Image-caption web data
# # #

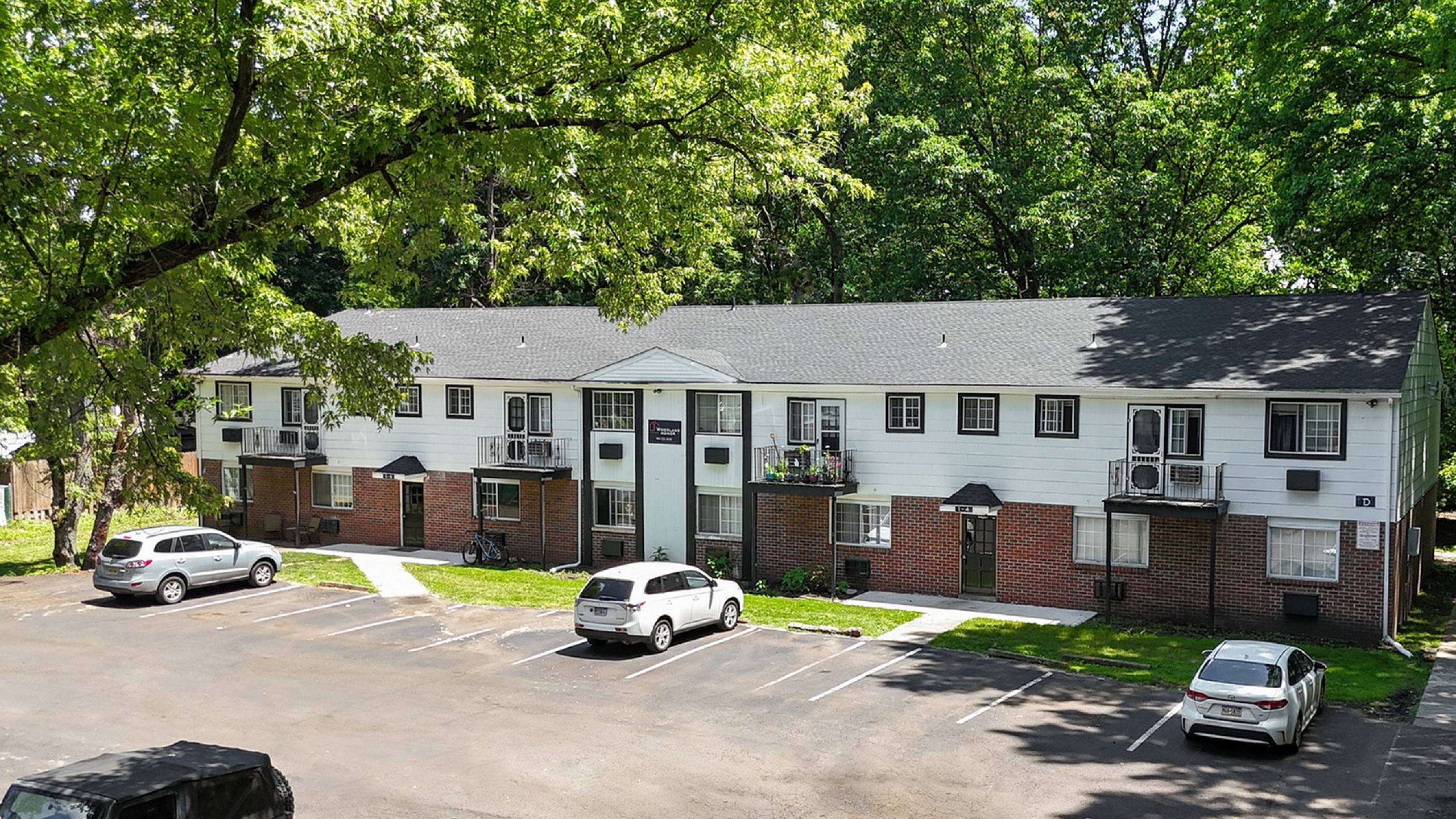 Charming apartment complex nestled among lush trees, featuring ample parking in a peaceful, green setting.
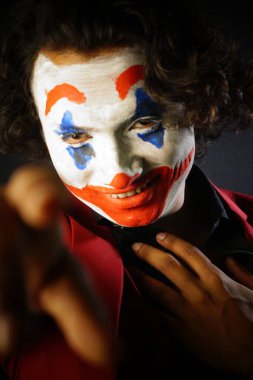 man in joker face makeup , with scary smile in formal outfit , picture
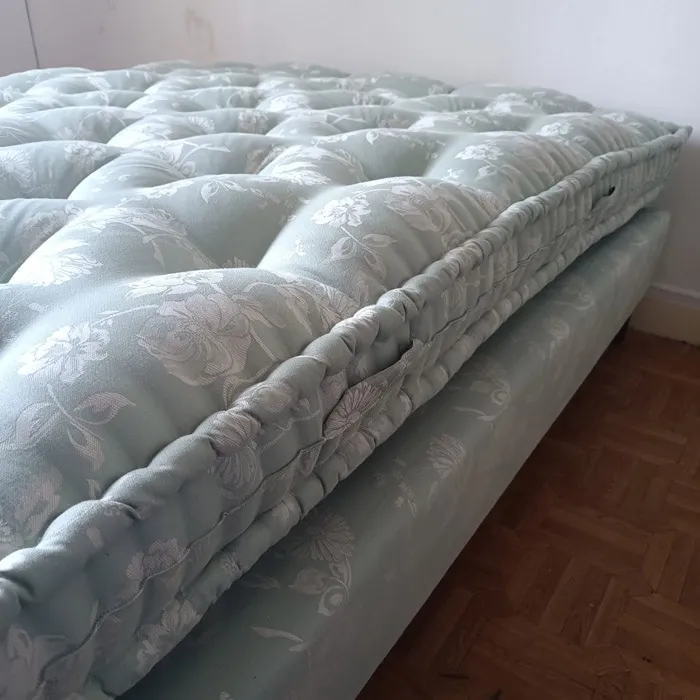 Matelas capitonné vert d’eau posé sur son sommier assorti, sur parquet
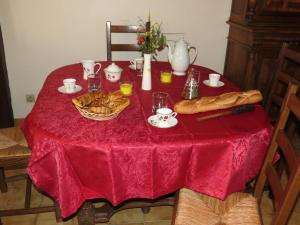 a table with a red table cloth and bread on it at La boulitte in Asnois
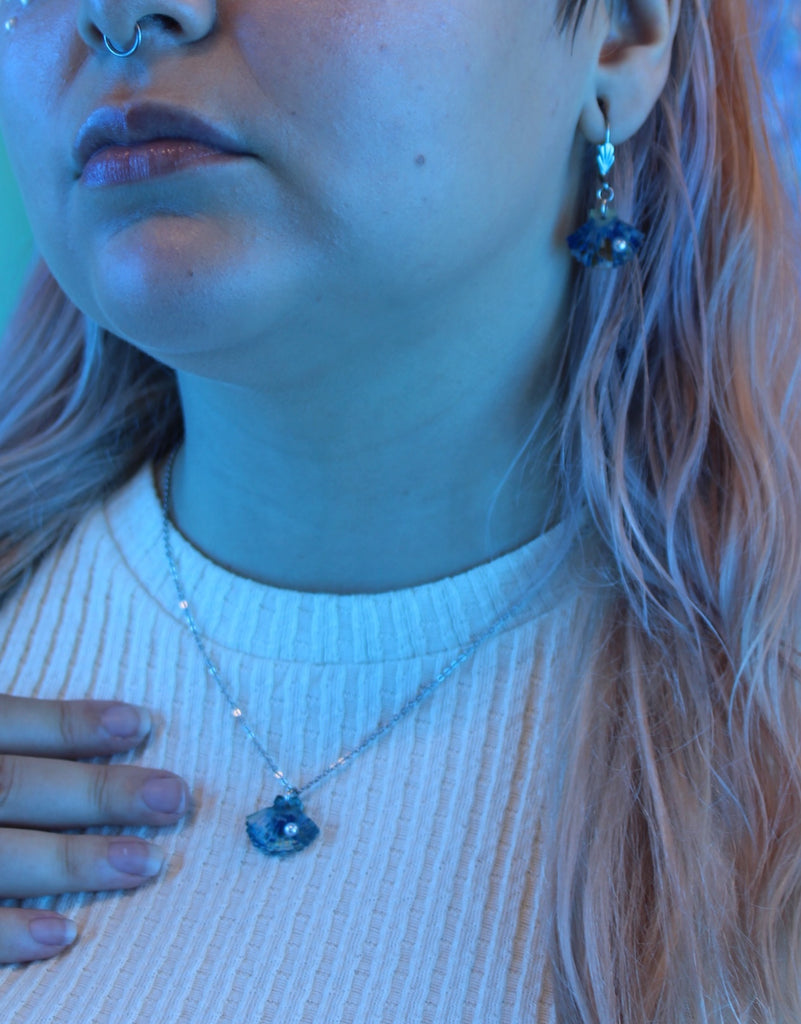 Model wearing Blue abalone shell pendant with a pearl on a stainless steel chain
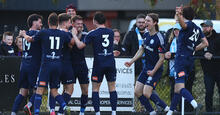 Oakleigh Cannons celebrate scoring against Melbourne City in 2023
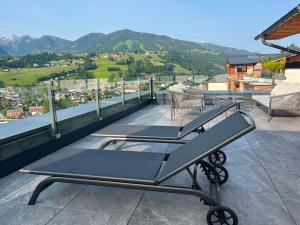 a couple of tables on a balcony with mountains at Pure Alpine Suites in Schladming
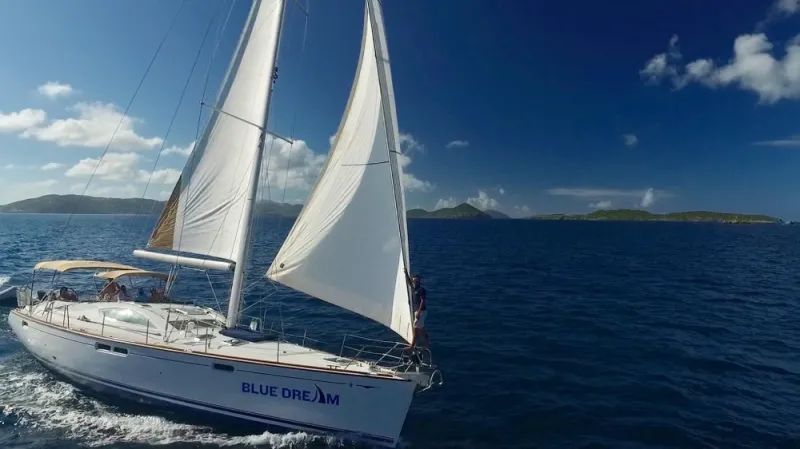 A sailboat is floating on top of a large body of water.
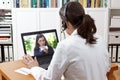 Telemedicine concept: doctor during a video consult with a coughing patient. Royalty Free Stock Photo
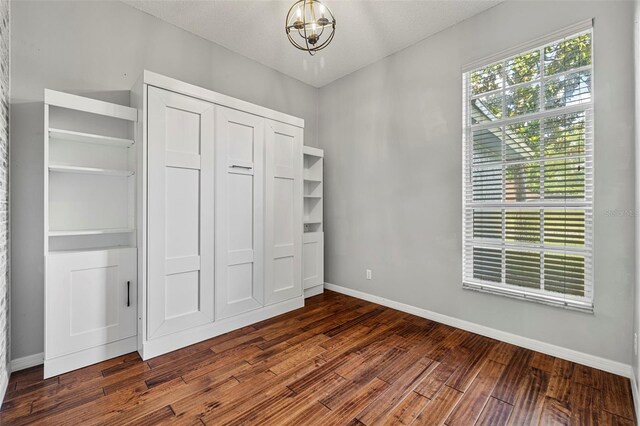 28707 Raleigh Pl, Wesley Chapel, FL 33545 - unfurnished bedroom featuring a chandelier, dark wood finished floors, and a closet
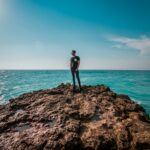 man in black shorts standing on brown rock formation near sea during daytime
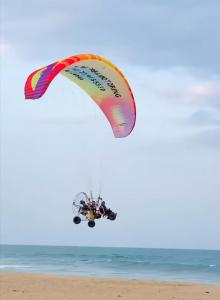 a kite flying in the air over the beach at Beach Wave Hotel in Arugam Bay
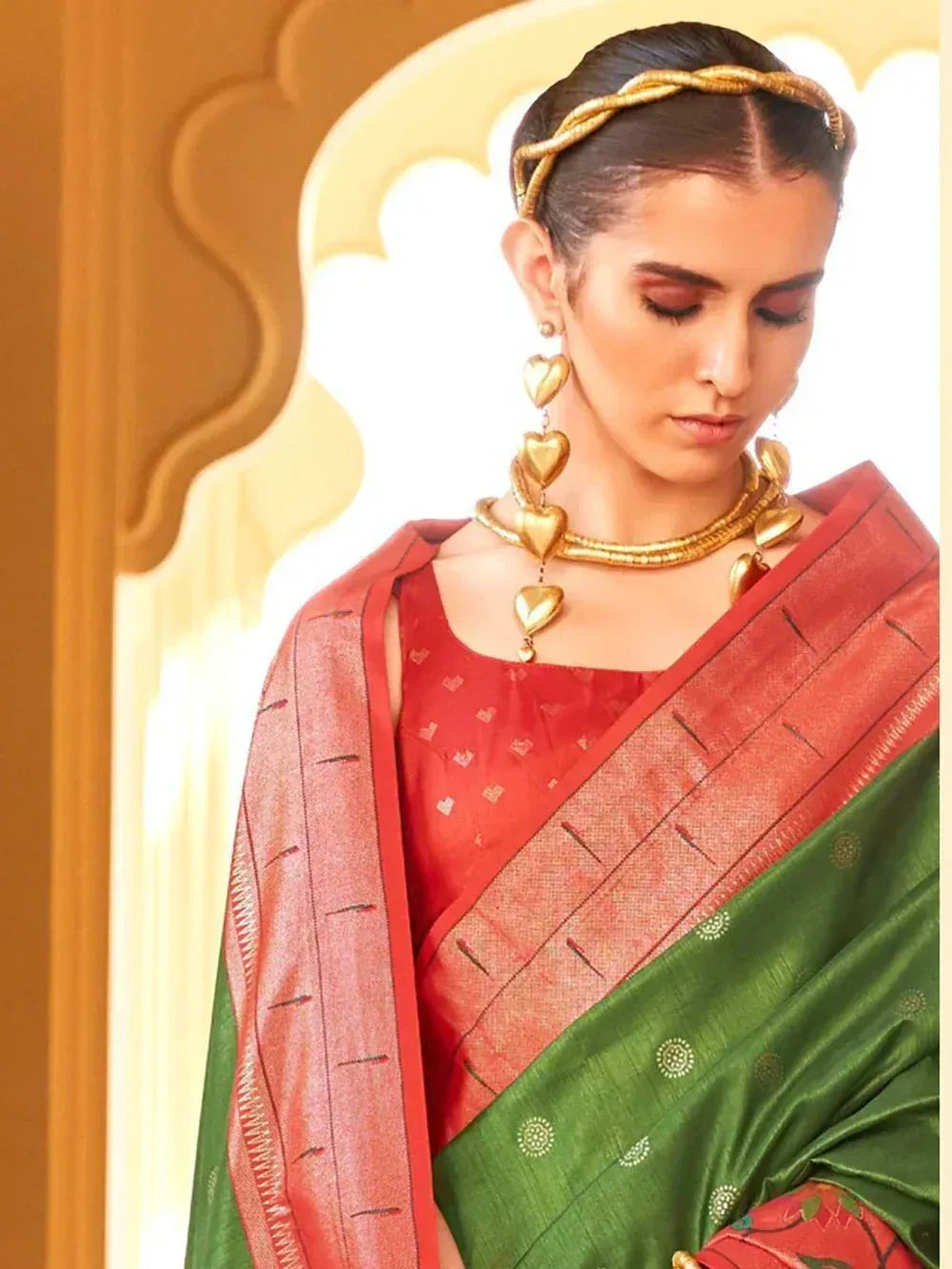 Woman in red and green ethnic saree with gold jewelry, traditional Indian attire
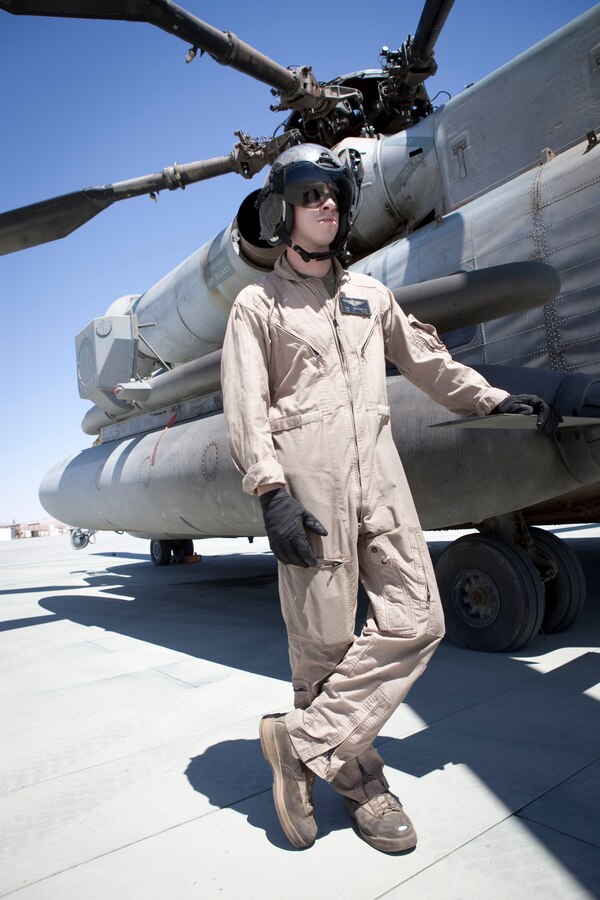 MARINE CORPS AIR GROUND COMBAT CENTER TWENTYNINE PALMS, Calif. -  Cpl. Kevin McClernon, a crew chief with Marine Heavy Helicopter Squadron 772, stands by before commencing a refuel for an AH-1W Super Cobra attack helicopter at the Strategic Expeditionary Landing Field here July 9 during Exercise Javelin Thrust 2012. Javelin Thrust is an annual large scale exercise which allows active and reserve Marines and Sailors from 38 different states to train together as a seamless Marine Air Ground Task Force. (Official U.S. Marine Corps photo by Sgt. John M. Odette/Released)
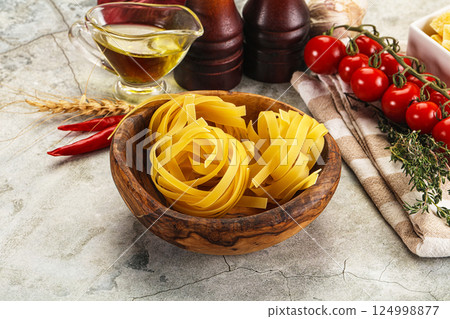 Raw dry Italian pasta - pappardelle 124998877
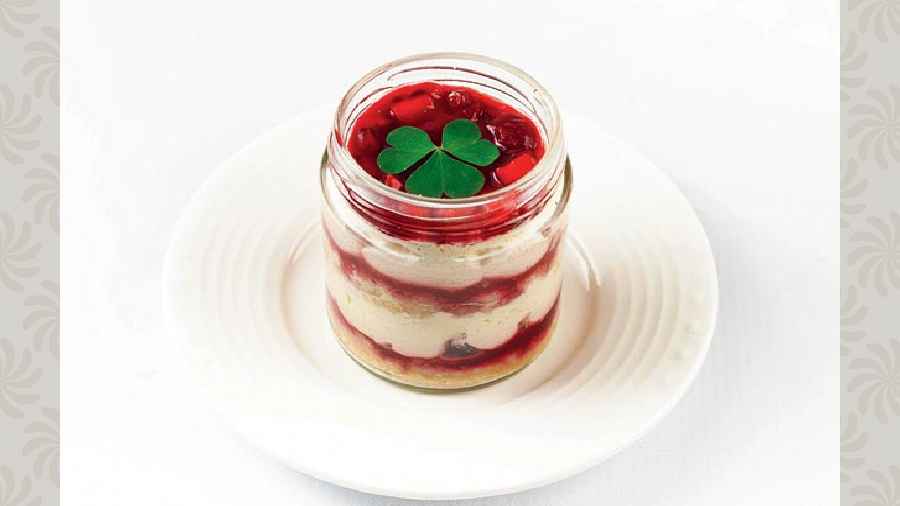 Citrus-infused cheesecake, alternatively layered with coconut meringe and raspberry cream, this dessert packs in a lot of fruitiness made with lot of love!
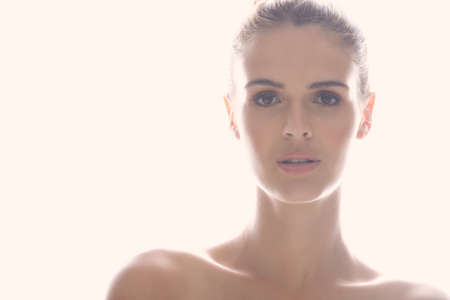 Perfect is the best way to describe her. Cropped shot of a beautiful young woman posing against a light background.の写真素材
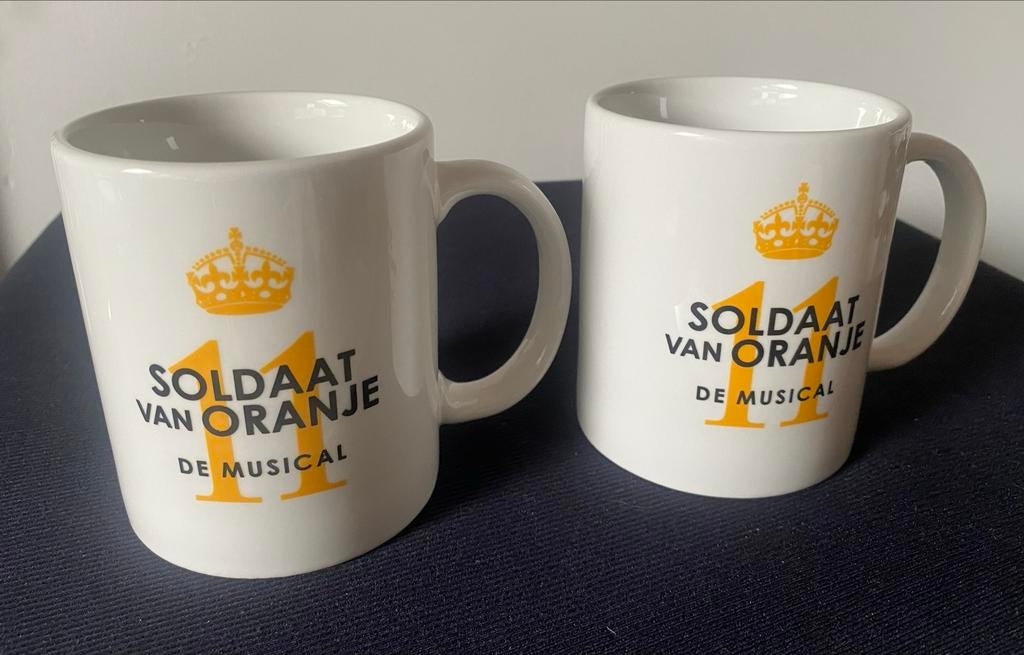 2 Mokken van Soldaat van Oranje De Musical. Hoogte 9 cm., Overige materialen, Overige typen, Ophalen of Verzenden, Zo goed als nieuw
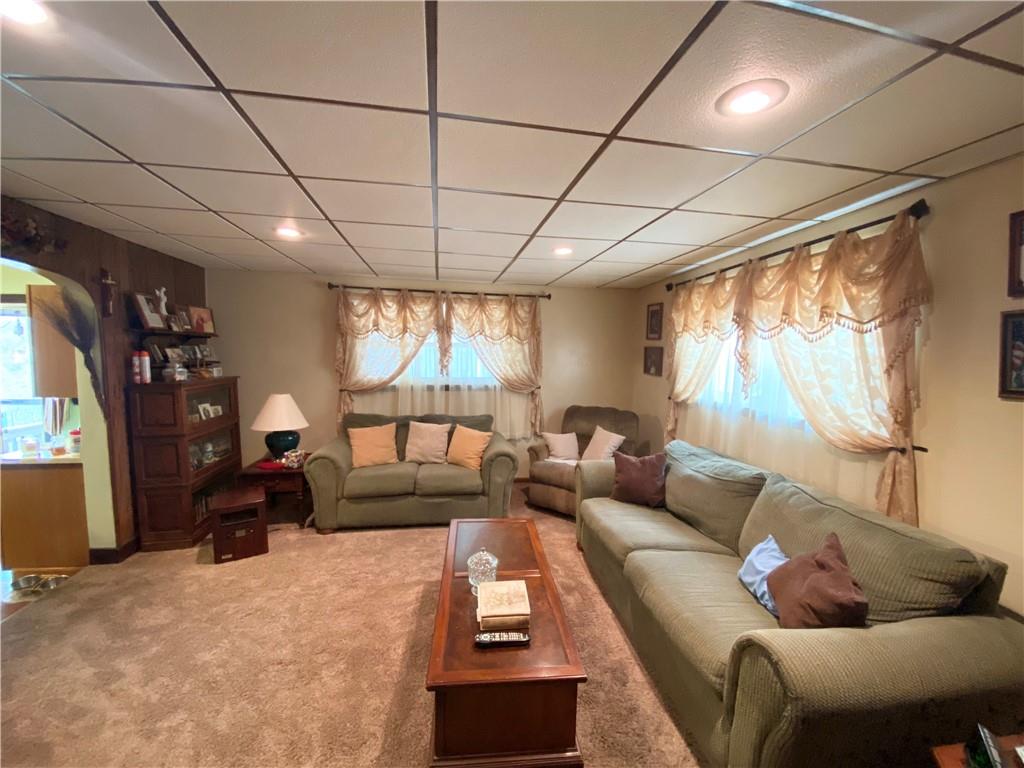 141 Overbeck Street Pittsburgh, PA 15212 - Photo 2 of 20 a living room with furniture and a large window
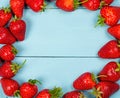 Ripe red strawberries on a blue wooden background Royalty Free Stock Photo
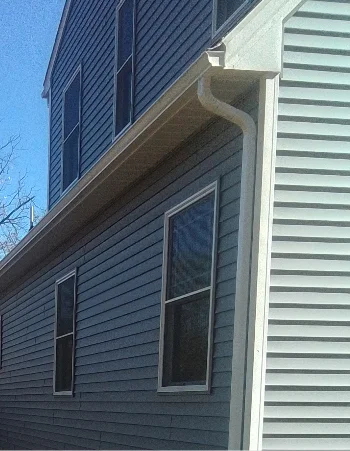 Professional Amish Gutter Services installing new seamless aluminum gutters on a home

# # #

* THE PROBLEM *
Go down the entries above from the line containing "Matelas capitonné vert" to the line containing "a kite flying" and write out each line exactly, leaving pictures out.

* WRITTEN RESPONSE *
 Matelas capitonné vert d’eau posé sur son sommier assorti, sur parquet
 a table with a red table cloth and bread on it at La boulitte in Asnois
 Model wearing Blue abalone shell pendant with a pearl on a stainless steel chain
 Oakleigh Cannons celebrate scoring against Melbourne City in 2023
 a couple of tables on a balcony with mountains at Pure Alpine Suites in Schladming
 A sailboat is floating on top of a large body of water.
 Telemedicine concept: doctor during a video consult with a coughing patient. Royalty Free Stock Photo
 28707 Raleigh Pl, Wesley Chapel, FL 33545 - unfurnished bedroom featuring a chandelier, dark wood finished floors, and a closet
 man in black shorts standing on brown rock formation near sea during daytime
 a kite flying in the air over the beach at Beach Wave Hotel in Arugam Bay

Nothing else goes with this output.